Le Occasioni di Montale

Francesco Moisés Bassano“Non il grillo ma il gatto / del focolare / or ti consiglia, splendido / lare della dispersa tua famiglia. // La casa che tu rechi / con te ravvolta, gabbia o cappelliera?, / sovrasta i ciechi tempi come il flutto / arca leggera – e basta al tuo riscatto.”
Tra i poeti e gli scrittori del Novecento italiano, Eugenio Montale (1896- 1981), pur non avendo origini ebraiche, ha vissuto in prima persona la perdita e la persecuzione di coloro, amici e amanti, che subirono le leggi razziste fasciste, e sono state indotte a causa di esse a lasciare l’Italia.
Molte poesie della raccolta “Le Occasioni” (1939) lo testimoniano, e conservano tracce di una sorta di ‘spirito ebraico’. La raccolta stessa è dedicata ad Irma Brandeis (1905-1990), discendente di un’antica famiglia di ebrei austro-boemi, costretta a fuggire nel 1938 negli Stati Uniti e ad interrompere così la relazione sentimentale che aveva instaurato con Montale nel 1933. La Brandeis sarà la donna-angelo delle Occasioni, specie nella sezione dell’opera i “Mottetti”, ma anche altre liriche avranno come protagoniste figure femminili di origine ebraica, come Dora Markus, Gerti Frankl, e Ljuba Blumenthal soggetto della poesia che ho citato “A Liuba che parte” (1938). Personalità legate soprattutto all’ambiente intellettuale e mitteleuropeo triestino, dove Montale aveva stretto amicizia con Italo Svevo, Umberto Saba e Roberto Bazlen.
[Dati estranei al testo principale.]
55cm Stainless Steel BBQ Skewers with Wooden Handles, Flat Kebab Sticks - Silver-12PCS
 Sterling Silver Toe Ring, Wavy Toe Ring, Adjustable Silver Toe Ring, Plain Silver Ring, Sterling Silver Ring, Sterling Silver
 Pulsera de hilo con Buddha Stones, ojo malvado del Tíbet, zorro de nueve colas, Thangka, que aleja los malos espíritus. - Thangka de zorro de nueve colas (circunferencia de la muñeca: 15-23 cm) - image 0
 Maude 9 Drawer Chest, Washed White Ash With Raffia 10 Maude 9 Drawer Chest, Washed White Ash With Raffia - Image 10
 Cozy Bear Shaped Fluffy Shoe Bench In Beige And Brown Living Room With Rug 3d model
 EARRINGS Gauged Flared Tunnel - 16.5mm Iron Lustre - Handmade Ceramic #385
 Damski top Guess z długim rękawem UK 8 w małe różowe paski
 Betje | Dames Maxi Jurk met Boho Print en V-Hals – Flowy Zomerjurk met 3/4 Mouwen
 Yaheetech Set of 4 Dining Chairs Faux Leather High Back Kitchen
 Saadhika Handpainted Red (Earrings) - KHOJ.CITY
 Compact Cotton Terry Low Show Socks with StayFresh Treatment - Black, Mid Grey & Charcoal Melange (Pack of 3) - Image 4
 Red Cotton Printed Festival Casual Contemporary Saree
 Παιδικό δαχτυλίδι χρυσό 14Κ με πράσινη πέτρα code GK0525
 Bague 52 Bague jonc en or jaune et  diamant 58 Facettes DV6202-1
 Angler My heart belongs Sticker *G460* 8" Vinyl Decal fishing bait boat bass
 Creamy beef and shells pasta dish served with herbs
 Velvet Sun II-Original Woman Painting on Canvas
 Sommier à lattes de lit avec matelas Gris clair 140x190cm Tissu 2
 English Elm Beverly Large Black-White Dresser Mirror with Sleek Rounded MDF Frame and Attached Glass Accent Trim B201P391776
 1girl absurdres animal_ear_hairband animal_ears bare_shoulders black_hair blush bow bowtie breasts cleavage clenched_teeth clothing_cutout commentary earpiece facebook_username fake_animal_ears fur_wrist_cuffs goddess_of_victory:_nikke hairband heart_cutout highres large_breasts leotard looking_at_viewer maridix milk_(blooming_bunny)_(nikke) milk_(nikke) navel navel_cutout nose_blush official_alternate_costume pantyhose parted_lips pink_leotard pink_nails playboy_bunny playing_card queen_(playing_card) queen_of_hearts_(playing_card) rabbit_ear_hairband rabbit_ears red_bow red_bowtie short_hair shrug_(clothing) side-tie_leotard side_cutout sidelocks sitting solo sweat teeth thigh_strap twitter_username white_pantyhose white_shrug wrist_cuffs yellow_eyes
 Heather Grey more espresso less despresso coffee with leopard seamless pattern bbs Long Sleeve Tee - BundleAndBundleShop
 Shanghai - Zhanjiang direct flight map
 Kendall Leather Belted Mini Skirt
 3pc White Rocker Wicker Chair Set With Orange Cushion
In “A Liuba che parte”, viene descritta l’imminente partenza di Liuba per l’Inghilterra, il Gatto del primo verso è il “lare”, protettore del focolare domestico, “della famiglia d’origine e dunque della stessa identità ebraica” – come è spiegato da Tiziana de Rogatis nell’introduzione della poesia -, quell’”arca leggera”, designante la gabbia / cappelliera è un riferimento all’arca biblica, che porta in salvo, il gatto-nume tutelare, assicurando così una continuità alla vita della donna ed all’eredità ebraica, in mezzo ai “flutti” di quei “tempi bui” e tempestosi che sconvolsero l’Europa. Una ‘casa’ precaria ed errante, topos che riflette l’interminabile esodo del popolo ebraico da una sponda all’altra, e che del resto ricorda l’essenza stessa del Signore e della sua dimora, come è scritto nel libro secondo di Samuele (7: 5-7): “Così ha detto il Signore: Pensi tu di costruirmi una casa per Mia residenza? Ma Io non ho mai risieduto in una casa dal giorno in cui trassi i figli di Israele dall’Egitto fino ad oggi, e sono sempre andato da un luogo all’altro in una tenda, cioè nel Tabernacolo. E durante tutto il tempo in cui sono andato di luogo in luogo, ho forse detto ad alcuno dei capi d’Israele, ai quali ho comandato di guidare il popolo: Perché non Mi avete costruito una casa di legni di cedro?”